The current testing code just moves the HRT timers to a seperate list.
It's a linked list at them moment, which must be optimized when the
general dust settles.

> Is the "noise" due to timers expiring "at once" - but isnt it unlikely
> for 'normal' timers to expire in exactly the same usec as the real
> high-resolution one?
>
> or is it that we have a 'group' of normal timers expiring, which, if
> they happen to occur _just_ prior a HRT event will generate a larger
> delay?
>

Yep. The timers expire at random times. So it's likely to have short
sequences of timer interrupts going off.
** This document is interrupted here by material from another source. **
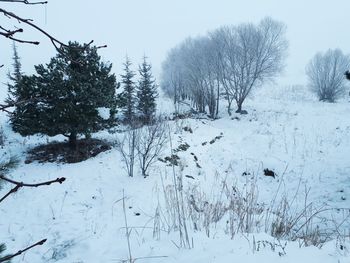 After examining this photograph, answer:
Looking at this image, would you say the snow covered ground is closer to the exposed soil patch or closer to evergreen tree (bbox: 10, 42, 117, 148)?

This needs reprogramming of the
PIT and processing of the expired timers.

tglx

2005-01-28 08:48:50

by Ingo Molnar

[permalink] [raw]

Subject: Re: High resolution timers and BH processing on -RT

* Thomas Gleixner <[email protected]> wrote:

> > or is it that we have a 'group' of normal timers expiring, which, if
> > they happen to occur _just_ prior a HRT event will generate a larger
> > delay?
>
> Yep. The timers expire at random times. So it's likely to have short
> sequences of timer interrupts going off. This needs reprogramming of
> the PIT and processing of the expired timers.

i dont really like the static splitup of 'normal' vs. 'HRT' timers -
there might in fact be separate priority requirements between HRT timers
too.

i think one possible solution would be to introduce some notion of
'timer priority', and to expire each timer priority level in a separate
timer expiry thread. Priority 0 (lowest) would be expired in ksoftirqd,
and there would be 3 separate threads for say priorities 1-3. Or
something like this. Potentially exposed to user-space as well, via new
APIs. Hm?

To push this even further: in theory timers could inherit the priority
of the task that starts them, and they would be expired in that priority
order - but this probably needs a pretty clever (and most likely
complex) data-structure ...

Ingo

2005-01-28 18:39:04

by George Anzinger

[permalink] [raw]

Subject: Re: High resolution timers and BH processing on -RT

Ingo Molnar wrote:
> * Thomas Gleixner <[email protected]> wrote:
>
>
>>>or is it that we have a 'group' of normal timers expiring, which, if
>>>they happen to occur _just_ prior a HRT event will generate a larger
>>>delay?
>>
>>Yep. The timers expire at random times. So it's likely to have short
>>sequences of timer interrupts going off. This needs reprogramming of
>>the PIT and processing of the expired timers.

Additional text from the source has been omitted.